**Activity**
Omit all pictures. Quote the lines from the one with "view of patio" through the end of the listing below, exactly as they appear.

----

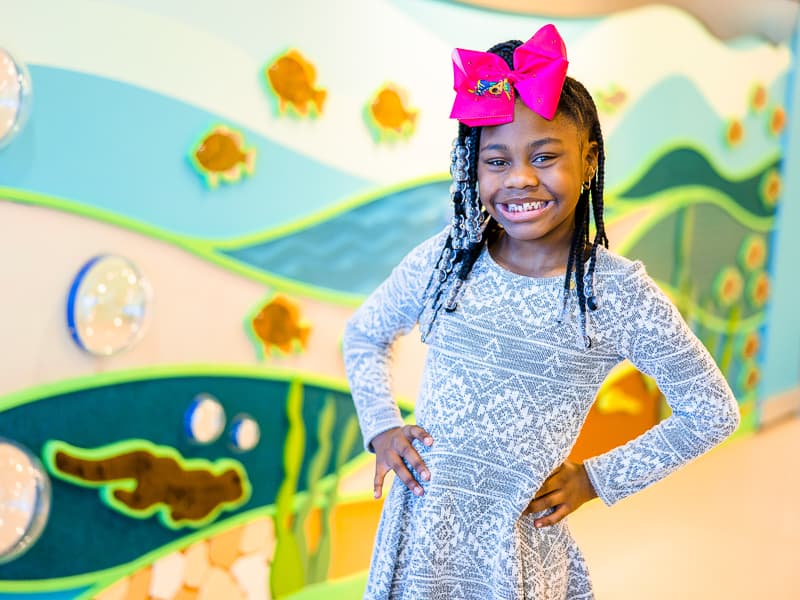 Mississippi's 2022 Children's Miracle Network Hospitals Champion Nolee Jones smiles while visiting the Mississippi Children's Museum.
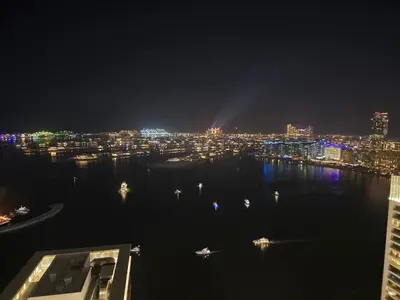 a view of a city at night with the water at Luxury Penthouse Retreat - Private Beach, Breathtaking Palm and Marina Views in Dubai
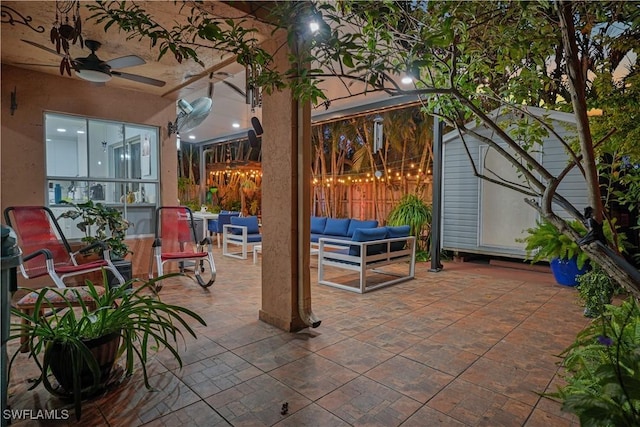 view of patio / terrace featuring ceiling fan, fence, and an outdoor living space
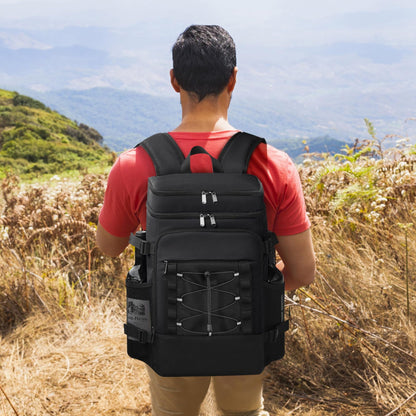Man wearing a black cooler backpack standing outdoors facing a mountainous landscape.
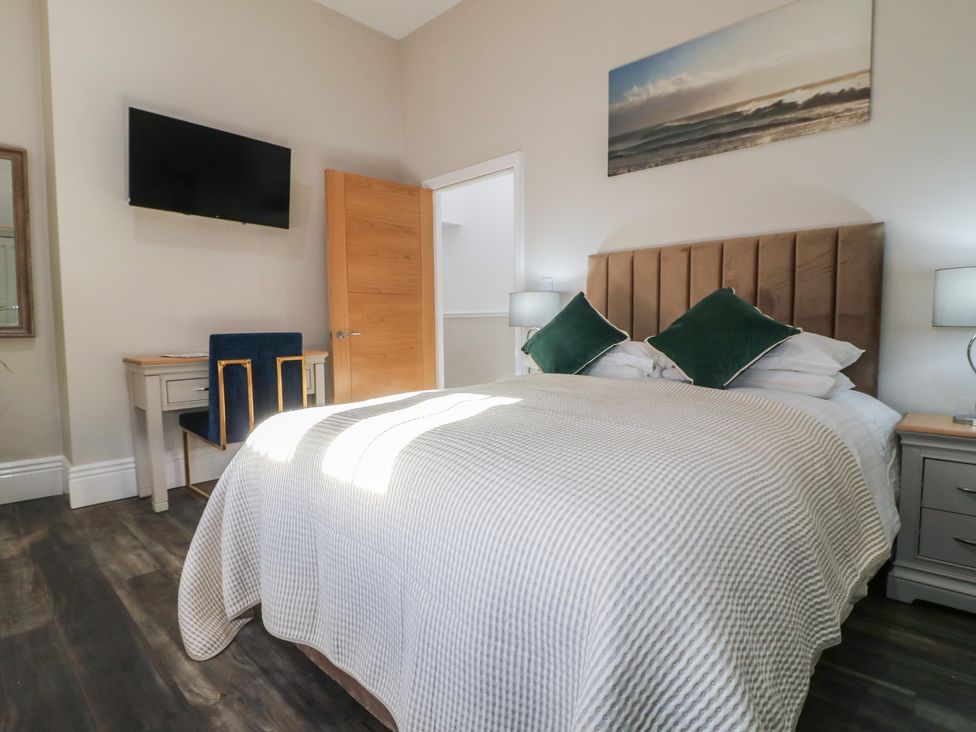 A bedroom with a bed and television at Unit 6 Apt 3 Sheffield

----

**Response**
 view of patio / terrace featuring ceiling fan, fence, and an outdoor living space
Man wearing a black cooler backpack standing outdoors facing a mountainous landscape.
 A bedroom with a bed and television at Unit 6 Apt 3 Sheffield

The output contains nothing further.